● TRY IT
Print every line from the start of the data, and when you reach the line with "coefficient has the", include it and stop. Pictures are not part of the copy.

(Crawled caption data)
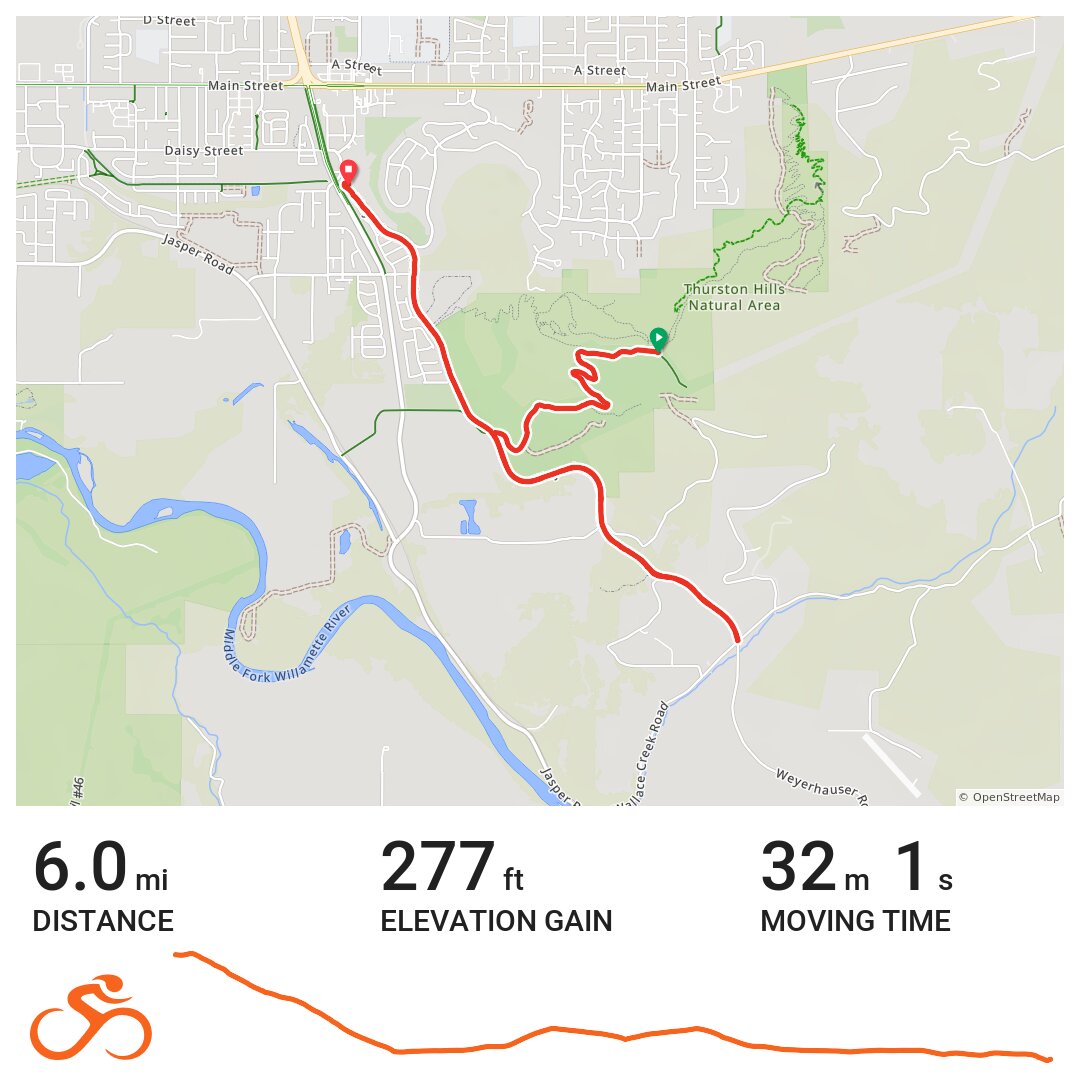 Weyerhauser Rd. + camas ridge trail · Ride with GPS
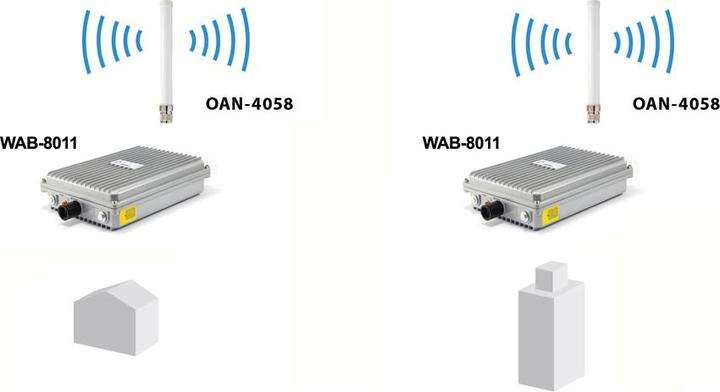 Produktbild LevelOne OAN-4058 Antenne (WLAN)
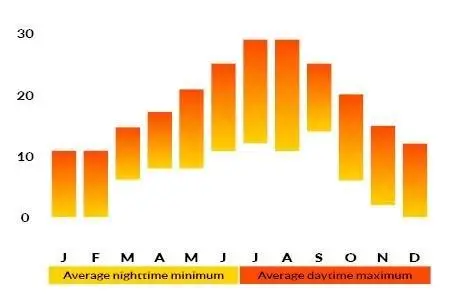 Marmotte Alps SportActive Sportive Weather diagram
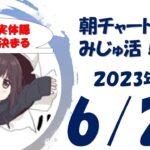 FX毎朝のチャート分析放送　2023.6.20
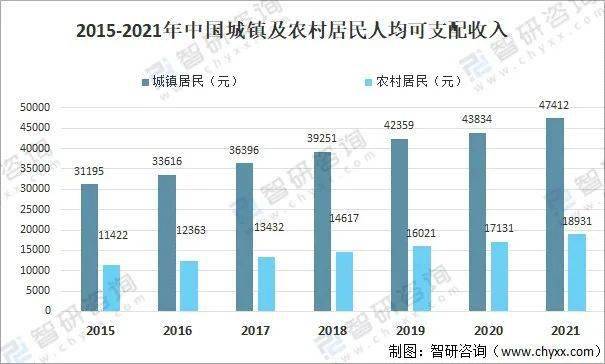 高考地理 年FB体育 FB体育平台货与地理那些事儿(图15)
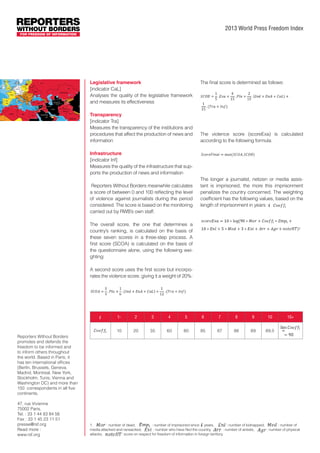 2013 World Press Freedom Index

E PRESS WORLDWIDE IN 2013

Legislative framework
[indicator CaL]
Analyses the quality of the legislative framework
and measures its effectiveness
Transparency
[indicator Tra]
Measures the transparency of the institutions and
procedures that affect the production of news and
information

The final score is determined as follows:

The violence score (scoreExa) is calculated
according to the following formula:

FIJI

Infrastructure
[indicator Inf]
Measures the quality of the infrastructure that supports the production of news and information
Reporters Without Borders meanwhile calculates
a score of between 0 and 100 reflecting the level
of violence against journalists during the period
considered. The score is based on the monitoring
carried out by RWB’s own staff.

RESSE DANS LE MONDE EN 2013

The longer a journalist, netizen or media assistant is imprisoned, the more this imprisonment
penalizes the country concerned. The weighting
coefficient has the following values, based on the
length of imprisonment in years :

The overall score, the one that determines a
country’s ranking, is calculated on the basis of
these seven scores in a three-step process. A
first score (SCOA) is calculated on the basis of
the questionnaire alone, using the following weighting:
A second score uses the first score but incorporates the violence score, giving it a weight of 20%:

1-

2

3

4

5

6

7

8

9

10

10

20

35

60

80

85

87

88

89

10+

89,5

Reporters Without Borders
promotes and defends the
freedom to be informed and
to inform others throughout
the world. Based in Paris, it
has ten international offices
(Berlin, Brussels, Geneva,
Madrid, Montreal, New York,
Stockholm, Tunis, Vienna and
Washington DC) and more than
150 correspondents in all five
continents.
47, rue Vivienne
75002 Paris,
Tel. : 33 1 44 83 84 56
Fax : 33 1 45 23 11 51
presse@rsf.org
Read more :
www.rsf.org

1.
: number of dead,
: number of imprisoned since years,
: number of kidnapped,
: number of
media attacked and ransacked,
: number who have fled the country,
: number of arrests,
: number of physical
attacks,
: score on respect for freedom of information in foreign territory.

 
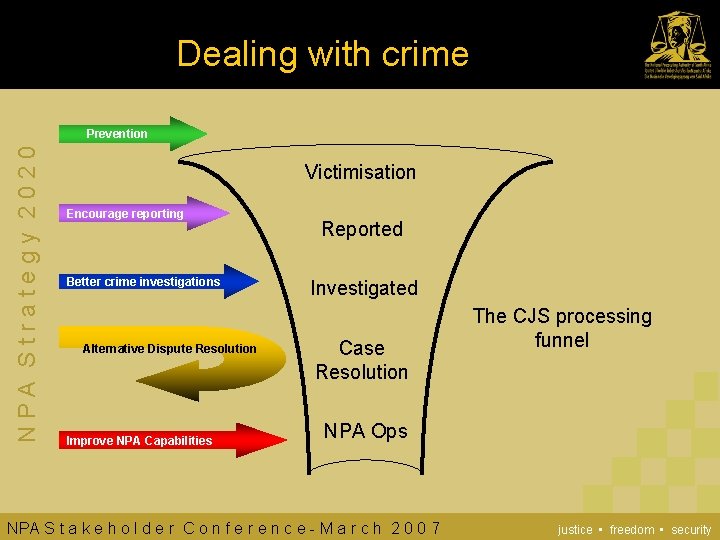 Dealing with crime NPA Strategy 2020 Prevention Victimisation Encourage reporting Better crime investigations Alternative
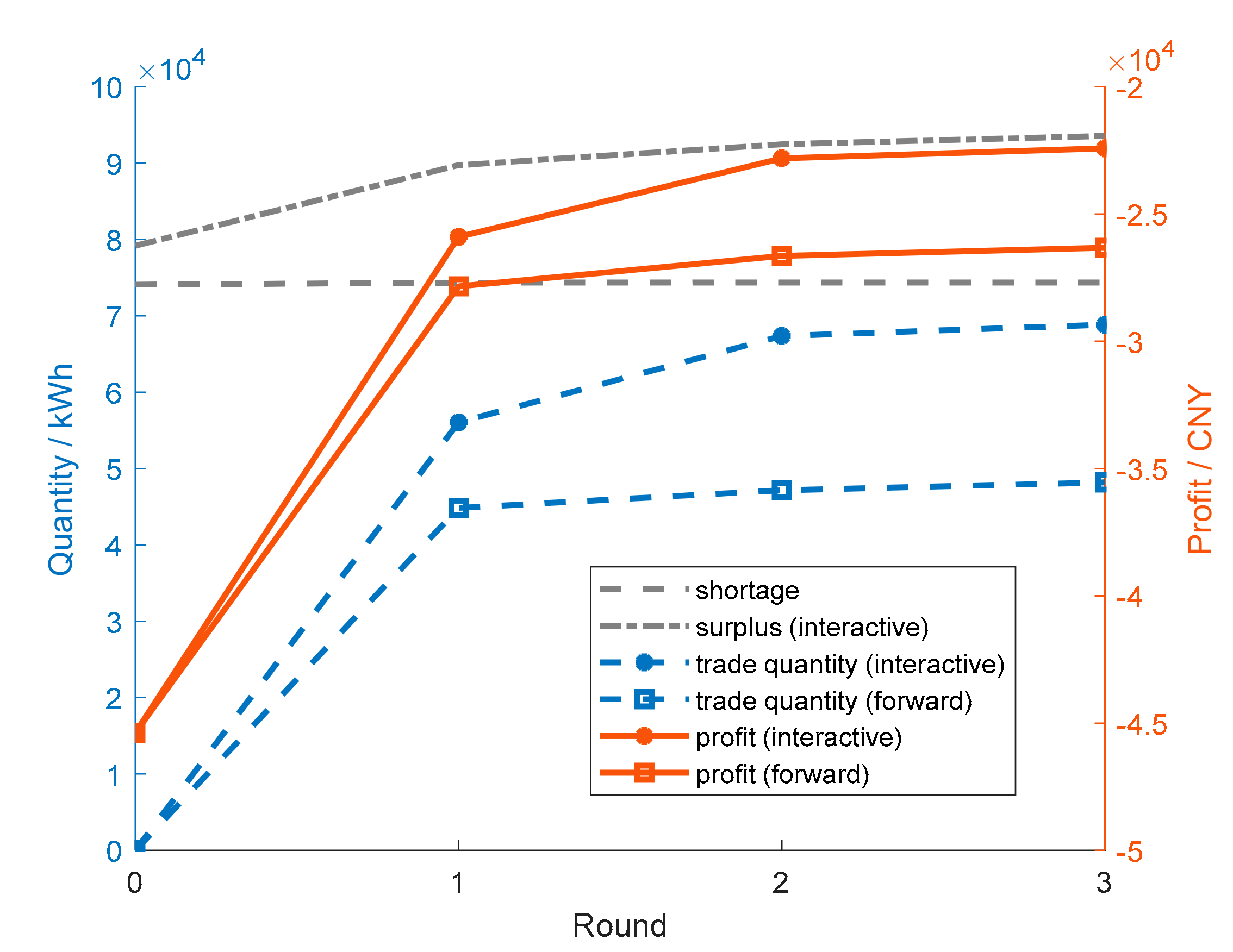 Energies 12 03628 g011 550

● EXPECTED ANSWER
 Weyerhauser Rd. + camas ridge trail · Ride with GPS
 Produktbild LevelOne OAN-4058 Antenne (WLAN)
 Marmotte Alps SportActive Sportive Weather diagram
 FX毎朝のチャート分析放送　2023.6.20
 高考地理 年FB体育 FB体育平台货与地理那些事儿(图15)
 2013 World Press Freedom Index

E PRESS WORLDWIDE IN 2013

Legislative framework
[indicator CaL]
Analyses the quality of the legislative framework
and measures its effectiveness
Transparency
[indicator Tra]
Measures the transparency of the institutions and
procedures that affect the production of news and
information

The final score is determined as follows:

The violence score (scoreExa) is calculated
according to the following formula:

FIJI

Infrastructure
[indicator Inf]
Measures the quality of the infrastructure that supports the production of news and information
Reporters Without Borders meanwhile calculates
a score of between 0 and 100 reflecting the level
of violence against journalists during the period
considered. The score is based on the monitoring
carried out by RWB’s own staff.

RESSE DANS LE MONDE EN 2013

The longer a journalist, netizen or media assistant is imprisoned, the more this imprisonment
penalizes the country concerned. The weighting
coefficient has the following values, based on the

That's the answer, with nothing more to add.